L’intellettuale, l’uomo seduto allo scrittoio, sempre un po’ vergognoso per la postura che avverte come poco eroica oppure, ed è lo stesso, poco erotica (è rarissimo l’intellettuale intimamente fiero di sé in quanto tale: l’unico a venirmi in mente è Edward Gibbon), di rado nutre un grande transfert per i maestri intellettuali, per i grandi “soggetti supposti sapere” nei quali ha trovato fonti ed ispirazioni da non sempre evidenziare, anzi, spesso nutre per essi un transfert negativo.
Nutre invece un transfert autentico per l’uomo d’azione, per colui che non deve frequentare il dubbio per corteggiarne la sposa, la verità. Per colui che sa fare tutt’uno di etica e desiderio. Per trovare qualche intellettuale in equilibrio con l’idea di sé meglio andare dalle parti dei Gesuiti.
Dice Freud: “… perfino i grandi criminali ci avvincono per la coerenza narcisistica con cui sanno tenere lontano tutto ciò che potrebbe rimpicciolire il loro Io.
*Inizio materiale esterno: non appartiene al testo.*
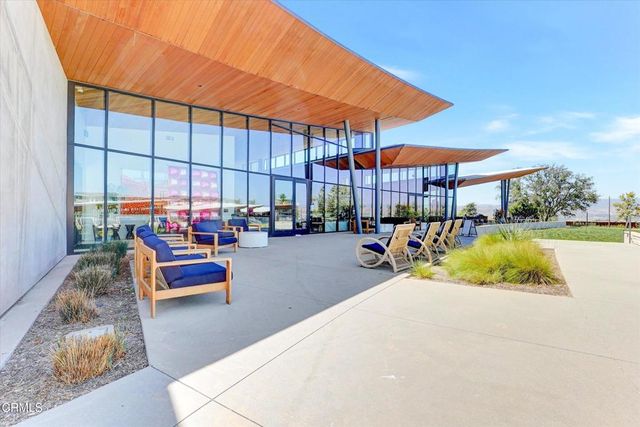 27406 N Merlin Place 202, Valencia, CA 91381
È come se li invidiassimo perché hanno saputo serbare una condizione di beatitudine psichica, un assetto libidico intangibile al quale noi abbiamo rinunciato da tempo”.
L’intellettuale ama quell’avventuriero libero da rovello, l’improbabile Lebensmann che, oltretutto, non gli farebbe concorrenza qualora lo eleggesse a personaggio di un romanzo, anzi, garantirebbe il suo godimento autoriale senza le incertezze di troppo psicologismo. Goethe ama Napoleone e disprezza l’intellettualismo di Amleto. Amore di transfert, perciò innamoramento che, per sua essenza e qualità, esclude fatalmente ogni possibilità di essere ricambiato.
Alla parola “intellettuale”, la mano di un tizio andava alla pistola, un’esagerazione che occulta la verità per cui “res, non verba!”, salvo circostanze eccezionali, non può essere altro che il motto di chi vorrebbe uscire da sé stesso con il solo esito possibile di alienarsi in qualcuno rappresentato da altre parole: il gangster Goebbels era un confezionatore di parole, prima vi si avviluppava e poi le consegnava al Volk e al suo Führer. Non se ne esce.
Ma forse l’intellettuale ama il tipo umano vitalista e pragmatico, che sembra definirsi da sé, anche per il sollievo di non dover faticare troppo per comprenderlo e descriverlo nella sua soggettività.
Sembrerebbe che oggi di questa “attrazione fatale” si vergogni come di un approccio troppo superficiale relativamente alla sua funzione di intellettuale, ma probabilmente scambiando il faticoso rispetto etico freudiano delle individualità soggettive per il rovello individualistico e autoreferenziale borghese volto ad evidenziare le passioni al fine di appiattirle, che spesso ha preso nome di psicologia. Mentre non solo i grandi romanzieri inglesi del ‘700 presentano tranquillamente una Moll Flanders, una Pamela o un Tom Jones come paradigmi universali, nella giusta distanza, ma ancora Schiller costruisce la psicologia del suo eroe, Karl, distrattamente, tanto per accontentare il suo pubblico femminile che agli eroi è disposto a credere, ma fino a un certo punto.
Con l’avvento della post-modernità, cioè con l’avvento della borghesia al potere incontrastato, l’intellettuale si caratterizza per l’ansia di collocarsi funzionalmente in un ruolo nel nuovo sistema della produzione/comunicazione/consumo che non lascia scampo ideologico ma che egualmente non manca di stabilire gerarchie e gradualità di accesso al godimento (presunto tale). L’intellettuale moderno si trova spesso confinato nella posizione oggettiva del piccolo borghese, così, se non gli riesce facilmente il salto di ceto, vuole almeno, come si usa, sbalordire il borghese più grande. In questo esercizio è aiutato dal tardo Romanticismo, ancora in atto come correttivo della piatta oculatezza calcolatrice borghese, tanto che difficilmente resiste alla tentazione di proporsi egli stesso come eccentrico personaggio letterario. Non manca neanche il caso del genio manqué che vuole fare lo psicanalista immaginando che nella psicanalisi ci sia la scorciatoia per entrare nella sfera dell’egemonia borghese in relativa posizione di forza a far leva su immancabili debolezze individuali.